Miserable mornings, neverending nights


The world has changed, to the point where I don't seem to quite fit in. Everyone seems so happy, yet I'm all alone with no one there by my side and the lies have taken every last breathe out of my life. I'm confused, when no one is there who really understands me. I'm on my own. I'm not happy with everything/anything anymore. It's all the fake smiles. I pretend to be happy, but how long can I pretend? I really can't hold this any longer. All the happiness is bleeding through an open wound. I can't control what goes on inside this hell. I lost myself in everything, everything I can't find. Life's been a bitch for me. I can't continue being like this every single day, I hate the past, I hate the situation I'm in now. I hope the future would be better for me. :( Sigh.. I'm on the verge on giving up everything, I don't wanna care anymore. I wanna cry, but there isn't anymore tears for me to cry. It's all dried up.. Sigh. We've to learn to expect the unexpected.. Life is just so unfair. :( I just felt that everyone is starting to leave. I understand people come and go, it's expected. But why do you have to go? It's been a while since you've been gone and nothings ever been the same. I miss you more than you'll ever know. I'm sorry I constantly wanna talk to you. I'm sorry when you take long to reply, I get sad. I'm sorry if I say things that pissed you off. I'm sorry if I come off as annoying. I'm sorry for being an ass sometimes. I'm sorry if you don't wanna talk to me as much as I wanna talk to you. I'm sorry if I think about you too much/too often. I'm sorry if it comes off as being clingy, it's because I miss you.. I wonder.. When will my longing for you end? When will the sun rise up again? The voices in my head got me asking over and over.. When will I be strong enough to fight? It's time to realize that your gone and there's nothing I can do. You won't be back..

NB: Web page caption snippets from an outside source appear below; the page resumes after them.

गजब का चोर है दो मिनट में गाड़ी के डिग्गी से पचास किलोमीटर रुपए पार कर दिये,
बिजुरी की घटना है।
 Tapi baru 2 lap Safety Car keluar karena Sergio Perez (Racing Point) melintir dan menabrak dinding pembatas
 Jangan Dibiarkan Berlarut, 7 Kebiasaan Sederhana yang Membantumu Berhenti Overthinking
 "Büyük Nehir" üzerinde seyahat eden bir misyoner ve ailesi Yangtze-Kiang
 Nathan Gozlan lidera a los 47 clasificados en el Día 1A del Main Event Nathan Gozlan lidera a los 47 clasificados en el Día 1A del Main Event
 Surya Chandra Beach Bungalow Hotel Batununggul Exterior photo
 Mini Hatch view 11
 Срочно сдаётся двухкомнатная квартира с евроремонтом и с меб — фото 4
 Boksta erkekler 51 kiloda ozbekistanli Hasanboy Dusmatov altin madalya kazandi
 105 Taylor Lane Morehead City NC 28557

What I'm feeling is I don’t wanna talk to anybody? I don’t want to smile and I don’t want to fake being happy, but at the same time, I don’t know exactly what is wrong either. There isn’t a way to explain it to someone who doesn’t already understand. If I could want anything in the world it would be to be alone. People have stopped being comforting, and being alone never was. At least when I'm alone, no one constantly asks me what is wrong and there isn’t anyone who won’t take, ‘I don’t know’ as an answer. I feel the way I do just because, I hope the feeling will pass soon and that I will be able to be myself again, but until then all I can do is wait..

I'm running short of breath with every step. I'm in need of oxygen to run away from this. It's hard to breathe.